A intricate, serious, complex and humorous movie that bluntly and brutally displays the difficulties of mental illness and the challenges of caring for those with the disease and its various manifestations; the cruel and dishonest Nurse Ratched (Louise Fletcher) was disliked, the faking and fun-loving Randal McMurphy (Jack Nicholson) was liked, and the other patients were uniformly viewed as funny and sad, as was the show itself and its ending; one thought the film the best movie ever, one couldn’t believe it got best picture, and another reflected on the darkness of the show with the telling observation, “Mental illness is dark”; faced with an expose’ of the dark depression gripping the mentally ill, we may all have a certain unconscious connection and silent prayer for distance; perhaps those concerns contributed to this movie – so highly rated by others – meriting only a 7.63 EthnoFamiyMovieOgraphy rating, which places the film 2/3rds of way to the bottom of the first 48 Best Pictures, #32 of 48. (166 Words)

This film is one of only 3 of the first 48 to have votes in all categories of all EFMO questions, except one: No one voted for the ice cream flavor “VANILLA.” This is not a vanilla show.
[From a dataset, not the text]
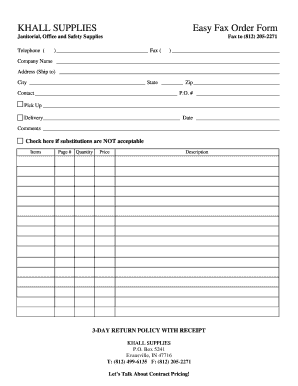 KHALL Supplies Fax Order Form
It is, I believe, one of the great American films and one of the more challenging, and it is not vanilla.

The one word for One Flew Over the Cuckoo’s Nest: SANITY.

With Cuckoo’s Nest, we begin to see another possible criteria linking the audience to the film: CONNECTION. We are each different with different experiences, and who we are influences how we connect with a film and how we rate and evaluate the film. Perhaps CONNECTION is another necessary factor, with ENTERTAINMENT, ART and MANNERS, in the selection of the nominees and the determination of the Best Picture. More needs be said here, but this must be enough for now.

We are back in the 70’s again, and it is I think a good place to be.